I get it until 5!/(3!*(5-3)!)=5*4/2=10 . From then, how do u get 0.3087? maratikus, could u pls elaborate? tks in advance.

Let’s say you toss a coin once, the chance of you getting a tail is 1/2 (two scenarios - either head with prob 1/2 or tails with prob 1/2). The chance of getting two tails in a row in 1/2*1/2 (because there are four scenarios head, head; head, tail; tail, head; tail, tail - each has probability of 1/4 = 1/2*1/2). Now if there are three tails chances are 1/2*1/2*1/2 = 1/8. Now let’s assume the coin is not symmetrical and probability of tails is 0.7, then chances of three tails in a row is (0.7)*(0.7)*(0.7) = (0.7)^3.

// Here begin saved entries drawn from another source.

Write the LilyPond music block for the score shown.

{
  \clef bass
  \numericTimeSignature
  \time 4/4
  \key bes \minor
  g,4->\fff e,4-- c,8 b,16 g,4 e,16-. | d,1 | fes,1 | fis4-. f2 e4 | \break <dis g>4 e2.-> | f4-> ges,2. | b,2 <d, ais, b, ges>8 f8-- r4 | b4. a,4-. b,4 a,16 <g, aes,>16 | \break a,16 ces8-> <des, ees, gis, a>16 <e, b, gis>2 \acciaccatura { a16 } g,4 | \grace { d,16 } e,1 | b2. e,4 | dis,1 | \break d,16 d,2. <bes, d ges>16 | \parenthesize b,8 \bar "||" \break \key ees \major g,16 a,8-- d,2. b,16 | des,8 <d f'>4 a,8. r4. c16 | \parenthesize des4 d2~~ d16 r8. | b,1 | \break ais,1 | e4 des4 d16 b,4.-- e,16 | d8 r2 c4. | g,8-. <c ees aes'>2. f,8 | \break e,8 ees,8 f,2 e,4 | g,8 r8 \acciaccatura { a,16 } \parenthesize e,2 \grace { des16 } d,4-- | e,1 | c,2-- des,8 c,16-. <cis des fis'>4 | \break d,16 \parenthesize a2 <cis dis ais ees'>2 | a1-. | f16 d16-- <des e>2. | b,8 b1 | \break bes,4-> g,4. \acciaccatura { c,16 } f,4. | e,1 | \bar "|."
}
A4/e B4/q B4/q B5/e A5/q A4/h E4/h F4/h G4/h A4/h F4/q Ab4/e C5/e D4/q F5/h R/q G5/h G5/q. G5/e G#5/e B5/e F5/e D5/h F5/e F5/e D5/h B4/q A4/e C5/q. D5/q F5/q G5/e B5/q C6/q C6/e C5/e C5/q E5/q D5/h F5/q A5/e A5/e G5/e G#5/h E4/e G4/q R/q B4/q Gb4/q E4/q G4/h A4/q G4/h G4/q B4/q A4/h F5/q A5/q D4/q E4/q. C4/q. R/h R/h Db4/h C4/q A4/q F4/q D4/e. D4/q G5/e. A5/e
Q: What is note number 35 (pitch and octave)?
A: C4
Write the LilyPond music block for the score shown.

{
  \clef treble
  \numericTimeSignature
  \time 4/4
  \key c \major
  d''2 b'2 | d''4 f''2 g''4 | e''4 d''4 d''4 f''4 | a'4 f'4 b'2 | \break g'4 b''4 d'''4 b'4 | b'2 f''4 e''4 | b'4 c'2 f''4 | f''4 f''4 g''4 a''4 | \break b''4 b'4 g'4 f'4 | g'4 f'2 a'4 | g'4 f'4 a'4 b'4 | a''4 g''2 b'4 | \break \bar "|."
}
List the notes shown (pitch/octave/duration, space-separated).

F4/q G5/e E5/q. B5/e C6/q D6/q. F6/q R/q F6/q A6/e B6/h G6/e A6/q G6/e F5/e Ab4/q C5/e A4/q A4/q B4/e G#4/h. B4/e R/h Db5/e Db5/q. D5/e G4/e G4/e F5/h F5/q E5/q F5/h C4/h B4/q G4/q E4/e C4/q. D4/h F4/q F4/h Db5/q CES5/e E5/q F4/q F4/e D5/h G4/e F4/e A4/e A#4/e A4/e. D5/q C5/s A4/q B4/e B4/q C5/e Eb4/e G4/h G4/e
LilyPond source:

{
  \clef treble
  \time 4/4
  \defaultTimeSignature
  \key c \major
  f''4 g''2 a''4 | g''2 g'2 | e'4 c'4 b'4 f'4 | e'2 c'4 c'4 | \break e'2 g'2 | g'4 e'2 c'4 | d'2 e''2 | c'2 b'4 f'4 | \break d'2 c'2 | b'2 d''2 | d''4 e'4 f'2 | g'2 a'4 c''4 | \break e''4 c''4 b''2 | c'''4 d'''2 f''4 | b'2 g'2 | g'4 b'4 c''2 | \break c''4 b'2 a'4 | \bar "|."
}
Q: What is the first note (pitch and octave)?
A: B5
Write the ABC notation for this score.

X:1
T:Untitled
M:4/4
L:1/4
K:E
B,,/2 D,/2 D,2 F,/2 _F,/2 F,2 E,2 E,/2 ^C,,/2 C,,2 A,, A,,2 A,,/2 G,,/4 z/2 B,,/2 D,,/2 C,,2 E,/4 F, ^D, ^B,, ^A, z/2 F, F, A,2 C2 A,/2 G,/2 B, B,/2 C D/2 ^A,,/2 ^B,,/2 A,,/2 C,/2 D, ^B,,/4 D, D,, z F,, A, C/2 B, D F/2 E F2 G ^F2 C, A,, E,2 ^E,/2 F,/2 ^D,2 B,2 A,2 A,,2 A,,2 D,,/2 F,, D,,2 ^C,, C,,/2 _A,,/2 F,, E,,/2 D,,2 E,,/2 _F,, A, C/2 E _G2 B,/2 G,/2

rjs157 Wrote: ------------------------------------------------------- > maratikus, thanks > > also, I assume this question is testing our > knowledge on binomial random variables? yes, It’s testing the knowledge of B-RV’s ---------------------------------------------------------------------------------------- P(X = x) = (number of ways to choose x from n) * §^x * (1- p)^(n-x) ---------------------------------------------------------------------------------------- So for the above problem n=5, x=3 & “Probability of finding work” is what I’ll label as SUCCESS, therefore p = 0.70 P(3) = 5!/(2! * 3!) * (0.70)^3 * (1-0.70)^(5-3) = 5!/(2! * 3!) * (0.70)^3 * (0.3)^(2) = 0.3087 - Dinesh S

Dinesh, thanks It’s becoming more clear the more I look at it. I just wish it could come to me intuitively, rather than having to memorize the formula

For me, to intuitively understand it, i break the problems answer into two parts: first is that one way it can be done is find work the first three days and not the last two…which is .7x.7x.7x.3x.3…and then i multiply that answer by the number of combinations of days finding work and days not finding…which has already been shown to be ten. Its easy to memorize the formulas, but for me, remembering how and why to apply them makes it easier. so: what is the probablility it can be done one way, and how many different ways can it be done. i hope that helps.

petetini, great explanation i like your approach to breaking down the problem into parts, then putting it all together. It helps thanks rjs157

my pleasure, i found this forum today…up until now i have been studying in a box, its so nice to not be alone.

I agree. This forum is great. There is a good amount of people on this board that know what they’re doing. I plan to spend more time here between now and the exam. It’s a great way to get different perspectives on approaching problems.